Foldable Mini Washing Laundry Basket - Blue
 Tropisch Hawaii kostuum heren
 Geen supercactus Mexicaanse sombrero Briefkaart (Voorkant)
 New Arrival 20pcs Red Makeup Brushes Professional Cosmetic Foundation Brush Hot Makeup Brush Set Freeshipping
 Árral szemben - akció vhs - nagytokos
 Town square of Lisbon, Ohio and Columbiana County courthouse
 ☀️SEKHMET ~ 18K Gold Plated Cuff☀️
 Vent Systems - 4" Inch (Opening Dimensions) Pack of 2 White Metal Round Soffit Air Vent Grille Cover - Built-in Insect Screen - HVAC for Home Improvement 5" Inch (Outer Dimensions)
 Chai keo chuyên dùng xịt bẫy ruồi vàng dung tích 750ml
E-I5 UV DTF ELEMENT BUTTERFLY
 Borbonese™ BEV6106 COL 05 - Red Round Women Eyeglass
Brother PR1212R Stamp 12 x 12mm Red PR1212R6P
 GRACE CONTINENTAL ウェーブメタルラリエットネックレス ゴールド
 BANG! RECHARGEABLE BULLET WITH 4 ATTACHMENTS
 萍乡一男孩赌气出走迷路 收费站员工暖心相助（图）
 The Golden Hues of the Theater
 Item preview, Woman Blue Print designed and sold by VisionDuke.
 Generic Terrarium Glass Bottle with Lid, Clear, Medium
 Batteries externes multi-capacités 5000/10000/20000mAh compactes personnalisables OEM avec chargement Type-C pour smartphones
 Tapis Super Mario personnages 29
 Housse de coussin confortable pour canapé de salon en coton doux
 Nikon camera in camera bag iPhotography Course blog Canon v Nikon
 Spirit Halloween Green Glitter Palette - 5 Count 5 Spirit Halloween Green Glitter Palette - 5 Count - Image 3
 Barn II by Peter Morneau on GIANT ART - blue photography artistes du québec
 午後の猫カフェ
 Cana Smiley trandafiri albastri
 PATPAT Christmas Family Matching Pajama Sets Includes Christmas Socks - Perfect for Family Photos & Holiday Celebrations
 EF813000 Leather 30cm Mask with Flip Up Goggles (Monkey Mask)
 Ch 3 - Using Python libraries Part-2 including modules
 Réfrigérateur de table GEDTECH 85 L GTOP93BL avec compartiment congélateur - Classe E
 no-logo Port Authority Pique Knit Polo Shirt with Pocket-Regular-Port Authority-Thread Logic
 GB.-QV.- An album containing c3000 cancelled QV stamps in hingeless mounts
····················
All that is wanted is a faithful reproduction of the line above with "Batteries externes multi-capacités", the line with "Réfrigérateur de table", and every line in between.

 Batteries externes multi-capacités 5000/10000/20000mAh compactes personnalisables OEM avec chargement Type-C pour smartphones
 Tapis Super Mario personnages 29
 Housse de coussin confortable pour canapé de salon en coton doux
 Nikon camera in camera bag iPhotography Course blog Canon v Nikon
 Spirit Halloween Green Glitter Palette - 5 Count 5 Spirit Halloween Green Glitter Palette - 5 Count - Image 3
 Barn II by Peter Morneau on GIANT ART - blue photography artistes du québec
 午後の猫カフェ
 Cana Smiley trandafiri albastri
 PATPAT Christmas Family Matching Pajama Sets Includes Christmas Socks - Perfect for Family Photos & Holiday Celebrations
 EF813000 Leather 30cm Mask with Flip Up Goggles (Monkey Mask)
 Ch 3 - Using Python libraries Part-2 including modules
 Réfrigérateur de table GEDTECH 85 L GTOP93BL avec compartiment congélateur - Classe E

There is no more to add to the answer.